Prompt — In the listing below, the line containing "3963 Altamont Ave, Oakland" marks the end; copy exactly every line from the first through that one.
◆ ◆ ◆
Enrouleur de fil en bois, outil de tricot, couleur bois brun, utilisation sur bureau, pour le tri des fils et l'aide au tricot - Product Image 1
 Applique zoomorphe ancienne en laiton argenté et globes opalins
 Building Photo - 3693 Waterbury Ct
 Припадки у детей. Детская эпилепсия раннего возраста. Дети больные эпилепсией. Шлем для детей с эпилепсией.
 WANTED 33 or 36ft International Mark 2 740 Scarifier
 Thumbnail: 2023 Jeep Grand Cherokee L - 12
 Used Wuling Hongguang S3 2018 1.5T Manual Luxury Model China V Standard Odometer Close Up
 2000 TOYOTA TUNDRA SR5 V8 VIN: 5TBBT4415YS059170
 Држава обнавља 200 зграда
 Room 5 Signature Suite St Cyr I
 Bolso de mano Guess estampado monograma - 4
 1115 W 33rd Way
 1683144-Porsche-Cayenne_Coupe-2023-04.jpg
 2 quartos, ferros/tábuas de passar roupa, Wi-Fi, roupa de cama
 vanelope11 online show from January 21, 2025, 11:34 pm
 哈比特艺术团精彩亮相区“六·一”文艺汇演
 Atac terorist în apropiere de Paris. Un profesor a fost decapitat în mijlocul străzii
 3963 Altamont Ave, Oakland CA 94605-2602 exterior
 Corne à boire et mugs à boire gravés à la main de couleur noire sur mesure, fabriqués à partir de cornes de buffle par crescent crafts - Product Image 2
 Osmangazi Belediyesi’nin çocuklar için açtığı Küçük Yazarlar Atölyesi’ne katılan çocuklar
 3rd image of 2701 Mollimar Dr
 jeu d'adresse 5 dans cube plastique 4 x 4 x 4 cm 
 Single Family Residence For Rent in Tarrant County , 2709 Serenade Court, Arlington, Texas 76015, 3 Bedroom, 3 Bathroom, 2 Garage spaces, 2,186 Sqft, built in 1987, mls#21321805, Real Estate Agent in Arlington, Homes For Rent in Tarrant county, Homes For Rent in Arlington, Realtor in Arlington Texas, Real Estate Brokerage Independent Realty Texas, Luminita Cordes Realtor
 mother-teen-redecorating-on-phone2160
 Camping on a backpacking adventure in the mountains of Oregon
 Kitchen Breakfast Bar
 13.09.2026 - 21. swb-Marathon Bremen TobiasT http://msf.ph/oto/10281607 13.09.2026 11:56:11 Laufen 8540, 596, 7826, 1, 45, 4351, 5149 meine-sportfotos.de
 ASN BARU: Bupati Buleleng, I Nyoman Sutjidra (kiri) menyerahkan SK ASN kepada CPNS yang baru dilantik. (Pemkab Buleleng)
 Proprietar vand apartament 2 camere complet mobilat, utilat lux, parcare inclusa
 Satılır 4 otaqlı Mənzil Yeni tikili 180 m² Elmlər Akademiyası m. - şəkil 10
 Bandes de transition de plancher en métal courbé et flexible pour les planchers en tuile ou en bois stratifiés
◆ ◆ ◆
Exercise solution —
Enrouleur de fil en bois, outil de tricot, couleur bois brun, utilisation sur bureau, pour le tri des fils et l'aide au tricot - Product Image 1
 Applique zoomorphe ancienne en laiton argenté et globes opalins
 Building Photo - 3693 Waterbury Ct
 Припадки у детей. Детская эпилепсия раннего возраста. Дети больные эпилепсией. Шлем для детей с эпилепсией.
 WANTED 33 or 36ft International Mark 2 740 Scarifier
 Thumbnail: 2023 Jeep Grand Cherokee L - 12
 Used Wuling Hongguang S3 2018 1.5T Manual Luxury Model China V Standard Odometer Close Up
 2000 TOYOTA TUNDRA SR5 V8 VIN: 5TBBT4415YS059170
 Држава обнавља 200 зграда
 Room 5 Signature Suite St Cyr I
 Bolso de mano Guess estampado monograma - 4
 1115 W 33rd Way
 1683144-Porsche-Cayenne_Coupe-2023-04.jpg
 2 quartos, ferros/tábuas de passar roupa, Wi-Fi, roupa de cama
 vanelope11 online show from January 21, 2025, 11:34 pm
 哈比特艺术团精彩亮相区“六·一”文艺汇演
 Atac terorist în apropiere de Paris. Un profesor a fost decapitat în mijlocul străzii
 3963 Altamont Ave, Oakland CA 94605-2602 exterior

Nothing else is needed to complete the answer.